I’m currently a postdoc in the School of Computer Science at Carnegie Mellon University. My main research interests are Homotopy Type Theory and Univalent Foundations, in particular computational justifications for univalence and higher inductive types using cubical type theory.

Before this I was a postdoc in the Marelle team at Inria Sophia-Antipolis. I also spent a year as a member of the School of Mathematics at the Institute for Advanced Study in Princeton working on formalization of mathematics in Univalent Foundations with Vladimir Voevodsky.

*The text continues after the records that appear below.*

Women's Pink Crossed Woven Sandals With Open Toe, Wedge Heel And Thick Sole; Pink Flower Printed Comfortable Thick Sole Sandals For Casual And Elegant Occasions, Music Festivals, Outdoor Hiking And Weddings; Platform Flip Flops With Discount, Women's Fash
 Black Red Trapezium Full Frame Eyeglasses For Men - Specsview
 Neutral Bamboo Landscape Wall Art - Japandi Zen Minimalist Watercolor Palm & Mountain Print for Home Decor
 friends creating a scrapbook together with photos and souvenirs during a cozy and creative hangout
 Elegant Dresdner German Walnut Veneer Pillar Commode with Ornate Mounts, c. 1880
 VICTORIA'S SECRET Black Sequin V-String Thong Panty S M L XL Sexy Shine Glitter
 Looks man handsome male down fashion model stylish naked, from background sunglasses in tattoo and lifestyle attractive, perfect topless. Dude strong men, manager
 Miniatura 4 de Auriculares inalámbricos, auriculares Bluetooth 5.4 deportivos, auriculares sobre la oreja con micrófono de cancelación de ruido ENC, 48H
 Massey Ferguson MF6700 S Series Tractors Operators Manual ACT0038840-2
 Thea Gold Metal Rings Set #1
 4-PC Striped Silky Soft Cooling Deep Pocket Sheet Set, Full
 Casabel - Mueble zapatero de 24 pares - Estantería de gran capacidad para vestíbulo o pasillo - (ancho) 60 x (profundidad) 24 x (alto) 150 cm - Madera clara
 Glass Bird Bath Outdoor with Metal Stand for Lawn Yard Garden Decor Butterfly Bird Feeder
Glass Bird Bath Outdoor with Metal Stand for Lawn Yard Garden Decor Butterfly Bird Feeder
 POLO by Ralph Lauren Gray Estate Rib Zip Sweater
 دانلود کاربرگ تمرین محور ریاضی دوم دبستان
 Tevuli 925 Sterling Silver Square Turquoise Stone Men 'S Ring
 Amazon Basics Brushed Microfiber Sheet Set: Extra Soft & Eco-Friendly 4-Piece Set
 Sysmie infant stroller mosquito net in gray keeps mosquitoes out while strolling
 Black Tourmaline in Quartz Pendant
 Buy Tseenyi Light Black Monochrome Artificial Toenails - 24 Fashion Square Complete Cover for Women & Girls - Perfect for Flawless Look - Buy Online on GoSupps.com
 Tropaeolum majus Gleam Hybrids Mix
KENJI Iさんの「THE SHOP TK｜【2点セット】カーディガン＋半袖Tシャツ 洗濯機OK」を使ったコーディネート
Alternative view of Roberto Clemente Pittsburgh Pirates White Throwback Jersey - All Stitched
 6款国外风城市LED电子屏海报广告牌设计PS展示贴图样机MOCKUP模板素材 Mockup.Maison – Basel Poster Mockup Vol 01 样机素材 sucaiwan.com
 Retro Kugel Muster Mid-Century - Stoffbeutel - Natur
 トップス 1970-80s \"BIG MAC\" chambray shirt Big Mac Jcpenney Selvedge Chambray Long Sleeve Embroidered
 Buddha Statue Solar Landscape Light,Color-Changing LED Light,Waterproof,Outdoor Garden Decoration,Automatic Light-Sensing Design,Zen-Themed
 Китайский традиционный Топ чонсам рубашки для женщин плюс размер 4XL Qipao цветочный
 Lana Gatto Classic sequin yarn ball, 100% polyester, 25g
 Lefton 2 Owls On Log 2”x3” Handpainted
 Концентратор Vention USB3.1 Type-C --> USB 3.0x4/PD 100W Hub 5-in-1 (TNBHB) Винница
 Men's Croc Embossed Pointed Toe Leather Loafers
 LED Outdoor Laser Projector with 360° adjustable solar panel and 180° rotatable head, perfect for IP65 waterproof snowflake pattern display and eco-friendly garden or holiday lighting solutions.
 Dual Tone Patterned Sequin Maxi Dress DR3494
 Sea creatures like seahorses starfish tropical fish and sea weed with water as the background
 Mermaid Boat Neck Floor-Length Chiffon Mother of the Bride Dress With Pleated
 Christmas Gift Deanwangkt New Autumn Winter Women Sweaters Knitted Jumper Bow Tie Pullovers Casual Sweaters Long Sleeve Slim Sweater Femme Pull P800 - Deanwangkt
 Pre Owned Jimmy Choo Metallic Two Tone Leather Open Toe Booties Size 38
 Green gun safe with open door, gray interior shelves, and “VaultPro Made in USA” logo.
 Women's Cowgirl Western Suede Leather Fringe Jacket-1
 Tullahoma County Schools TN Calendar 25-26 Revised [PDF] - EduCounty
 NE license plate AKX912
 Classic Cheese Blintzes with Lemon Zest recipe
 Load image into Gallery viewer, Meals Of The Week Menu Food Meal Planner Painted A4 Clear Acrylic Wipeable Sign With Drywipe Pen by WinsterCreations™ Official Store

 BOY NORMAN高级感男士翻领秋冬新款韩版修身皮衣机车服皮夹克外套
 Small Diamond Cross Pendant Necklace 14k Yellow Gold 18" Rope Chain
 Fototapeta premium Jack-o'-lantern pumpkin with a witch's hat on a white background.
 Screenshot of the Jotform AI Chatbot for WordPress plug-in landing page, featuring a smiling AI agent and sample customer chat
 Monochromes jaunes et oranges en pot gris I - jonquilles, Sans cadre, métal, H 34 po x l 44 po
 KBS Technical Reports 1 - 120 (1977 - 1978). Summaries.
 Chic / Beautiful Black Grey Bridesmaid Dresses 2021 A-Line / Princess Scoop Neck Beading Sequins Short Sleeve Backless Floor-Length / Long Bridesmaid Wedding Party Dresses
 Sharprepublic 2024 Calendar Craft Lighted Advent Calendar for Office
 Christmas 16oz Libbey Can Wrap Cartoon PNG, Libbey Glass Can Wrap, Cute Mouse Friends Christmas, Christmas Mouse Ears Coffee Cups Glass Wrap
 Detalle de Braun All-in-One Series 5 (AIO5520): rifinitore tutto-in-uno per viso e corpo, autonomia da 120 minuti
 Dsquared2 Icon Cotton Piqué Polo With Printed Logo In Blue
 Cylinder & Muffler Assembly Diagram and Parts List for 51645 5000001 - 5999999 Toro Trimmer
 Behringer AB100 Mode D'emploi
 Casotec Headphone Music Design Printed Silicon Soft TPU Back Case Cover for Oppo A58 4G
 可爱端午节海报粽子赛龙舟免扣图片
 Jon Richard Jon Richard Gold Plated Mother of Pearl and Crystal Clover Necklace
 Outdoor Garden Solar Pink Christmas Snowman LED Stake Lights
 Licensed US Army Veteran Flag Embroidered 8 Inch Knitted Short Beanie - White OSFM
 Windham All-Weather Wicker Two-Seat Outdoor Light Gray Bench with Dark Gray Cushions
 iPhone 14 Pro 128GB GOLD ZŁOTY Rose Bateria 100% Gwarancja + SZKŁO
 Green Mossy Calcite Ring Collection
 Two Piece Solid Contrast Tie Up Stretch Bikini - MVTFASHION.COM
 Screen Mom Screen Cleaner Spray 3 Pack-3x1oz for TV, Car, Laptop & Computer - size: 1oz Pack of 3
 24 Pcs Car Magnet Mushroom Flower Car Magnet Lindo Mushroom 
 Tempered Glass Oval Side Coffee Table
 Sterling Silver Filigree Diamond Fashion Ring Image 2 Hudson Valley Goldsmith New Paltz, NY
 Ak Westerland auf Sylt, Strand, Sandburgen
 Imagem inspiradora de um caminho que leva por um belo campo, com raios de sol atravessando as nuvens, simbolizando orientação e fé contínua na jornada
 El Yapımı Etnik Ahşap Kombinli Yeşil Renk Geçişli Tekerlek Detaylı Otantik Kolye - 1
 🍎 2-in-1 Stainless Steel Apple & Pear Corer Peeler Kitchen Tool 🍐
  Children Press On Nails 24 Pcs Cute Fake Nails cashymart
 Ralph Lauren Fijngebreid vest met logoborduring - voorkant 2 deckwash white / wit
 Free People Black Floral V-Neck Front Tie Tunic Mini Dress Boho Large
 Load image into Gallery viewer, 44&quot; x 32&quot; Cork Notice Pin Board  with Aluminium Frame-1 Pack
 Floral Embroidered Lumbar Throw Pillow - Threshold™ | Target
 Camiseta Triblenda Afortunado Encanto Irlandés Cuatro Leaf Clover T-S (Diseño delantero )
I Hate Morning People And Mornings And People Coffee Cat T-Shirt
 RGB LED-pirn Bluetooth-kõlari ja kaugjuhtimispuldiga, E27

I defended my PhD thesis at the Department of Computer Science and Engineering at Chalmers University of Technology and University of Gothenburg under the supervision of Thierry Coquand in December 2014.

## Software

I’m actively developing and contributing to:

- cubicaltt - A Haskell implementation of a type theory based on a model in cubical sets. This system provides a computational interpretation to notions from Univalent Foundations and Homotopy Type Theory, most notably the univalence axiom.
- UniMath - A Coq library for formalizing mathematics using the univalent point of view.

I have previously developed:

- cubical - A predecessor of cubicaltt.
- The Coq Effective Algebra Library (CoqEAL) - A library for conveniently combining proving and efficient computations in the Coq proof assistant.